- **What you need to do**: Retype, word for word, the line holding "25 Henry Ave — Photo 12" and each line after it down to the end of the data; pictures are not copied.

Image-caption web data
::::
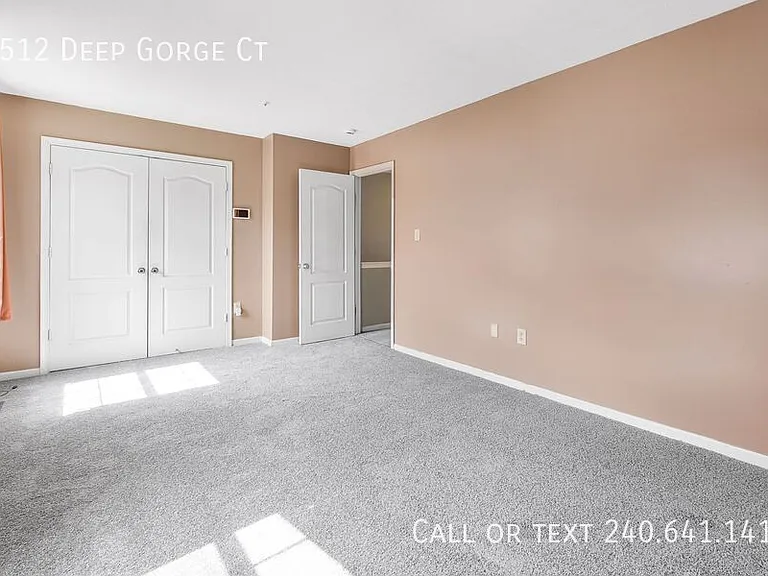 1512 Deep Gorge Ct — Photo 9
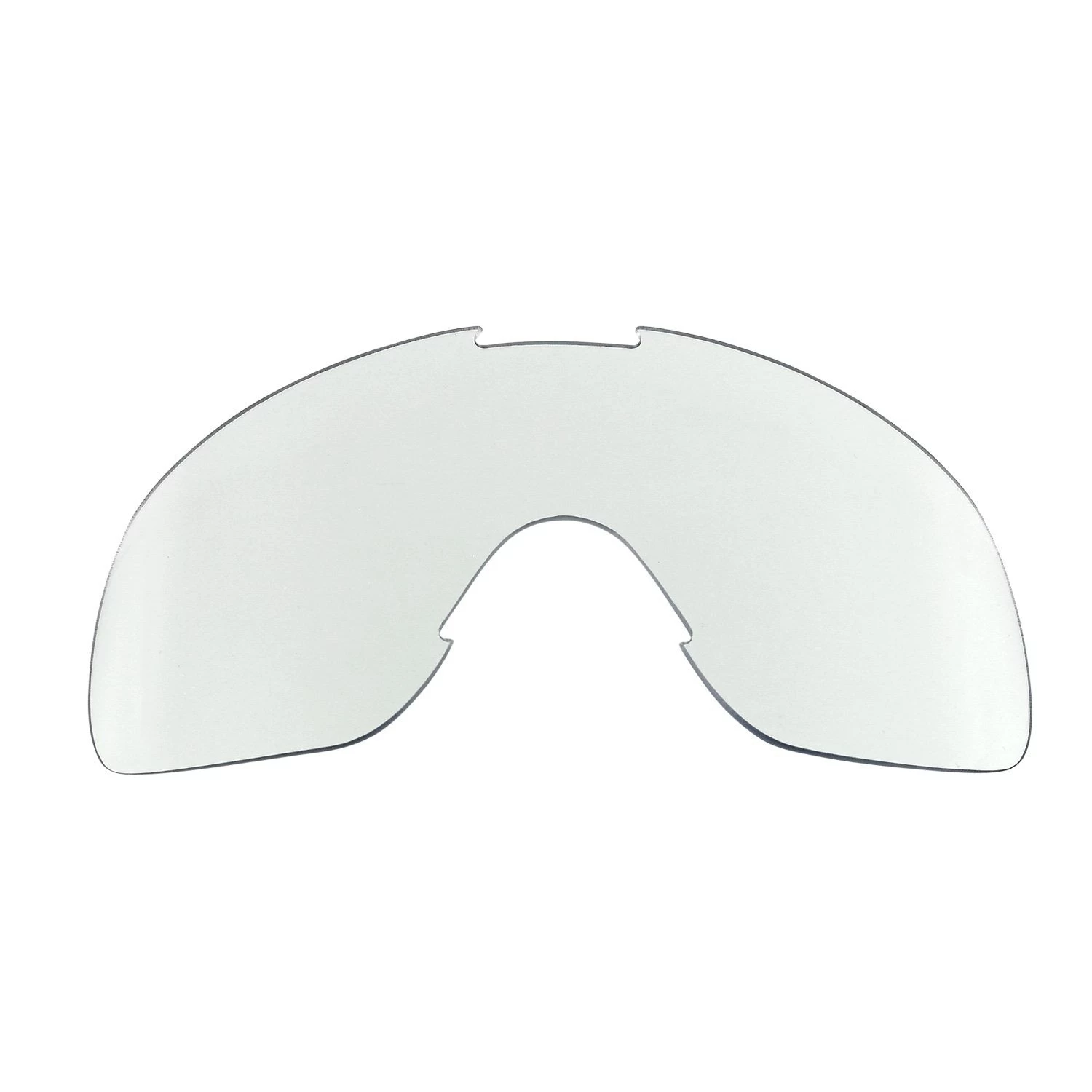 Overland 2.0 Replacement Lenses 1 Overland 2.0 Replacement Lenses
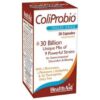 COLIPROBIO 30cap.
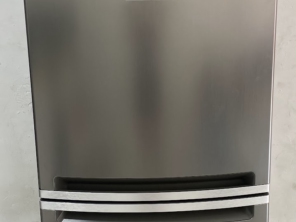 Foto de SouzaTech Refrigeração em Queimados, RJ por Solutudo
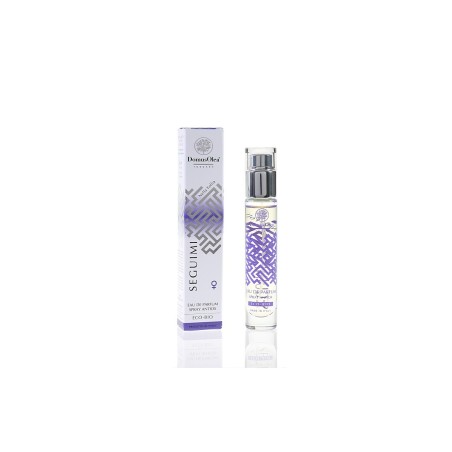 domus olea toscana  Profumo Bio Antiossidante Spray - Seguimi Nella Follia  Profumi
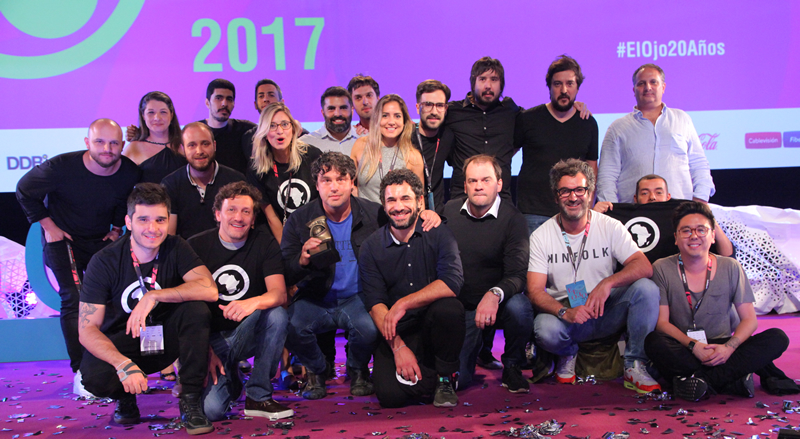 foto nota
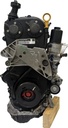 MTD-487803-3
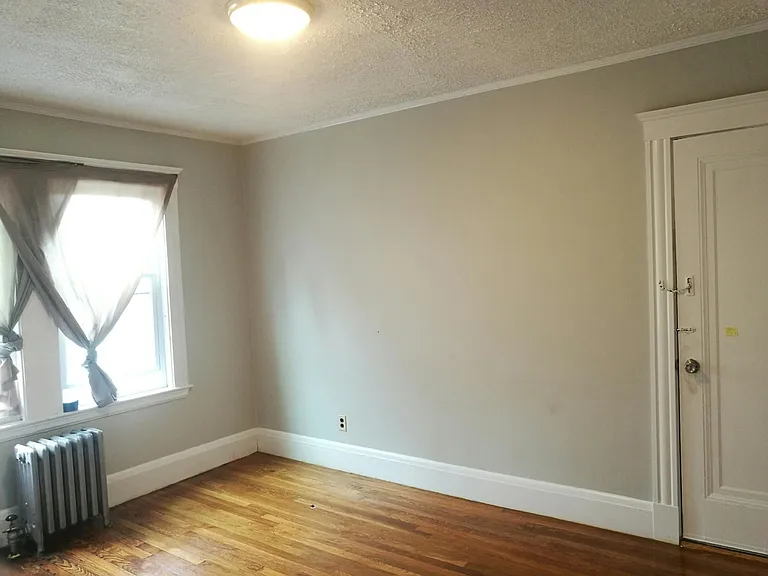 25 Henry Ave — Photo 12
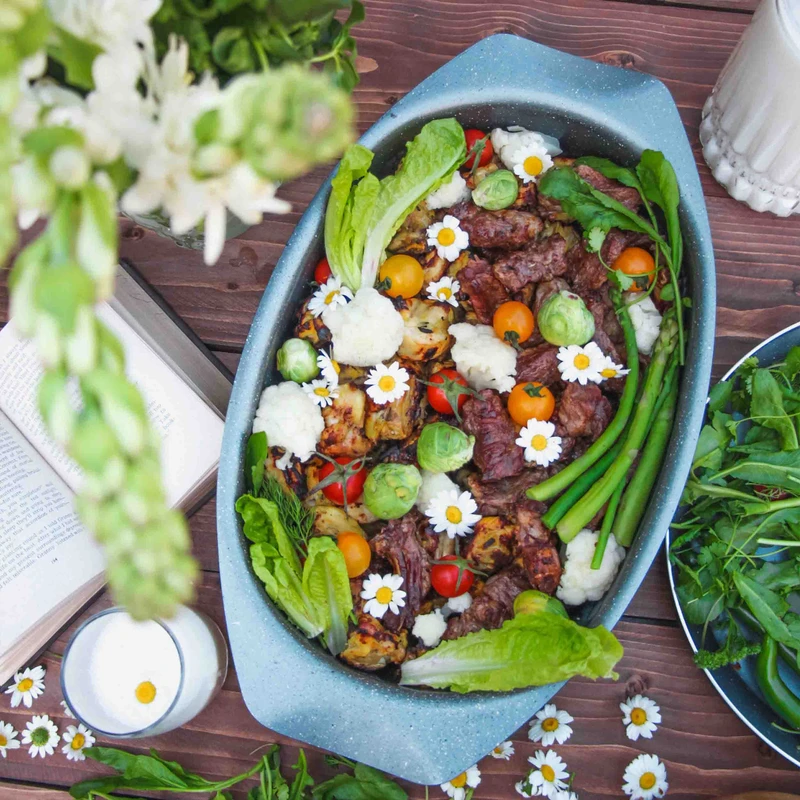 رستر کششی  تکنو مدل ونوس رستر کششی  تکنو مدل ونوس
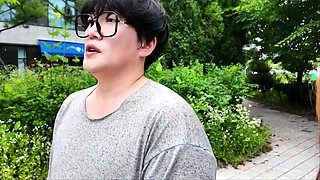 Affair Beside a Sleeping Husband korean porn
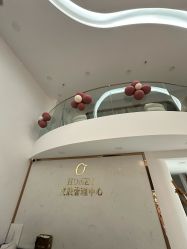 -哈妮皮肤管理中心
::::
- **Answer space**:
 25 Henry Ave — Photo 12
 رستر کششی  تکنو مدل ونوس رستر کششی  تکنو مدل ونوس
 Affair Beside a Sleeping Husband korean porn
 -哈妮皮肤管理中心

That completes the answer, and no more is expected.